# Growing time outdoors



## Irishscent89 (Mar 7, 2007)

I live in Maine and if i wanted to start growing mid-late April how long aprox. would it take to have the plant fully grown?


----------



## THE BROTHER'S GRUNT (Mar 7, 2007)

Irishscent89 said:
			
		

> I live in Maine and if i wanted to start growing mid-late April how long aprox. would it take to have the plant fully grown?

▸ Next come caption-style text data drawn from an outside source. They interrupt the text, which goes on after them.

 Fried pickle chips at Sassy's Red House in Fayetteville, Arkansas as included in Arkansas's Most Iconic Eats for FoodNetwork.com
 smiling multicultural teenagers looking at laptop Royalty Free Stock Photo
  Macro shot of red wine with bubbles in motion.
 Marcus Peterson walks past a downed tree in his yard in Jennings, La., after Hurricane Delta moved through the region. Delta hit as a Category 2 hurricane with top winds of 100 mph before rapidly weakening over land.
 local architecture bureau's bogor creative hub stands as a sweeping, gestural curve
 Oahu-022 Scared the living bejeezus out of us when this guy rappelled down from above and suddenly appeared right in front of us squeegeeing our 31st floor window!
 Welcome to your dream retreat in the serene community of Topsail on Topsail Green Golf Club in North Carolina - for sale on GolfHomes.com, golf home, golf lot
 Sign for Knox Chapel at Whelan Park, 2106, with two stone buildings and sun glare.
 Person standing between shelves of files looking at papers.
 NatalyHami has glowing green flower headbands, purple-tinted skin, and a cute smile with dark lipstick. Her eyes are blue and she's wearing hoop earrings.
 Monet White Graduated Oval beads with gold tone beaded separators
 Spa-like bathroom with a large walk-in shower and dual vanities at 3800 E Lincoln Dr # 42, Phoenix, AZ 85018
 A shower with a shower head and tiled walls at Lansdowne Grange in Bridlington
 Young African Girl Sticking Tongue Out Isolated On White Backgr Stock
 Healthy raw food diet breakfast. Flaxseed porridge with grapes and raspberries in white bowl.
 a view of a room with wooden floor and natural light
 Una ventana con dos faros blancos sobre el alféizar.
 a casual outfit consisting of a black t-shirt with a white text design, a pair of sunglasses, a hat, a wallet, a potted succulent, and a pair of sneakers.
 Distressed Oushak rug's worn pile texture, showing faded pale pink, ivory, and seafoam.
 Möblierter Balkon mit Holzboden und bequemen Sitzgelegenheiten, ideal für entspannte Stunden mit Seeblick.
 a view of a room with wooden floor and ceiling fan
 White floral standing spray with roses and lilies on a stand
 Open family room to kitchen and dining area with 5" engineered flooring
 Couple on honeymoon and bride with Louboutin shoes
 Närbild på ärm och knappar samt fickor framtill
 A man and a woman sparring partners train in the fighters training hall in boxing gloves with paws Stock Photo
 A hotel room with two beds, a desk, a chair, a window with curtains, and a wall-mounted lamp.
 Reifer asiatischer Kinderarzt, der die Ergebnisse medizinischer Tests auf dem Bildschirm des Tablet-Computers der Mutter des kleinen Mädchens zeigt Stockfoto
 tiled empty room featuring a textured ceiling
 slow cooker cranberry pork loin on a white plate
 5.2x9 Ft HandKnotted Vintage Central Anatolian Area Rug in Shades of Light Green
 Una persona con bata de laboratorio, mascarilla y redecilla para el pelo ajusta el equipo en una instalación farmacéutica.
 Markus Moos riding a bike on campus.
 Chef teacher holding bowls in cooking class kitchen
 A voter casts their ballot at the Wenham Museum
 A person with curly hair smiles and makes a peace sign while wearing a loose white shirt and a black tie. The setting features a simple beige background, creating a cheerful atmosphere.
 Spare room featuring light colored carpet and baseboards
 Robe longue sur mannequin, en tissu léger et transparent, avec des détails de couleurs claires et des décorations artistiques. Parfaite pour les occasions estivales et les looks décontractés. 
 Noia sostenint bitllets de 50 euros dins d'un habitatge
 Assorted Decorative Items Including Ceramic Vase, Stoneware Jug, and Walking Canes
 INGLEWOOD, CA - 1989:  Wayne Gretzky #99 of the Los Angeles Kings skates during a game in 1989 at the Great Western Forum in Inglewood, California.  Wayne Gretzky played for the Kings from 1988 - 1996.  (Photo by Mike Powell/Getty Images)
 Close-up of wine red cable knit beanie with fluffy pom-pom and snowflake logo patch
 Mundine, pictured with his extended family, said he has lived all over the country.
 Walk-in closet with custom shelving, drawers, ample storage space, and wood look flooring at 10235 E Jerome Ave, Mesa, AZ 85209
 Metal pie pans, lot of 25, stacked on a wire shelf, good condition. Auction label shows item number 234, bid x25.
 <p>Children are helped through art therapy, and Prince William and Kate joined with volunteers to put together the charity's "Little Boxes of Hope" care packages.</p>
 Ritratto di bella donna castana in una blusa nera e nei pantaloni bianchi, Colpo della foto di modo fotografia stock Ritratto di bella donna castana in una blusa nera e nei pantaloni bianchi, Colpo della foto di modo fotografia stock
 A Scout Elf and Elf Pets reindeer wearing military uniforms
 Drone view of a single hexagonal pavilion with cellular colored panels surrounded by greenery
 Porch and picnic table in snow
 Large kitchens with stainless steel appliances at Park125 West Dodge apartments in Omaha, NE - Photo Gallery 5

*Depending on the strain most bud is done by sept. or oct. *


----------



## Kindbud (Mar 7, 2007)

yeah flowering willhappen just as TBG said sept or october i have had a few get done in august but they wear a cross breed with low rider


----------



## SirPots941 (Mar 9, 2007)

i live in florida would it be good if i started growing now?? cuase it only gets 59 degress F at night is that safe anough to start growing????


----------



## KMK (Mar 9, 2007)

yea go ahead i live in florida and im growing right now


----------



## Kindbud (Mar 9, 2007)

well i live in nc and it gets down to 35 at night and 65 in the day and i got mine outside right now the plants can stand alot of cold and it is said that colder temps give you more females so yeah i got mine out early just put a 2 litter bottle over them and they will be fine and in fl you wont need it but i like them they protect the plant some


----------



## SirPots941 (Mar 10, 2007)

well what should i have done to get started growing cause i dont no what to do with the seeds right now????plz someone help me out!!!


----------



## JOHNNY"GREEN"APPLESEED (Mar 11, 2007)

i live on east coast. all the ppl i know who are pros outdoors start april 15th through the middle of june. if u put them in now, the ground still hasnt warmed up. they will grow, but no were as much if u wait that month. u are taking chance of shocking roots. i know were i stay in the country it is like 4 to 8 degrees colder than city. it is 34 degrees right now.


----------



## Lil Squirt (Mar 11, 2007)

I too live on the East Coast in NJ...never have I had a crop finished before Sept and early Oct.  
Happy Growing!

peace~squirt


----------



## stoner (May 4, 2007)

I live in Ontario (canada) is it cool if i start to grow in mid may, or is that to late?


----------



## Burner420 (May 4, 2007)

its not to late u can still do it !!!!!!


----------



## Kindbud (May 4, 2007)

yeah one of my buddys is from ontario and he grew he said he usualy started in may or late april so yeah man you can start them now


----------



## stoner (May 17, 2007)

no, but hopefully in the next two days


----------



## scoot1073 (May 18, 2007)

late sep-october


----------



## scoot1073 (May 18, 2007)

here in north mich right now is a good time to plant anything outside,we just did our garden and come late sep-oct its all good


----------



## 85cannabliss (May 18, 2007)

sounds like, if your up north you should be sowing your seeds to reap you rharvest in autumn.


----------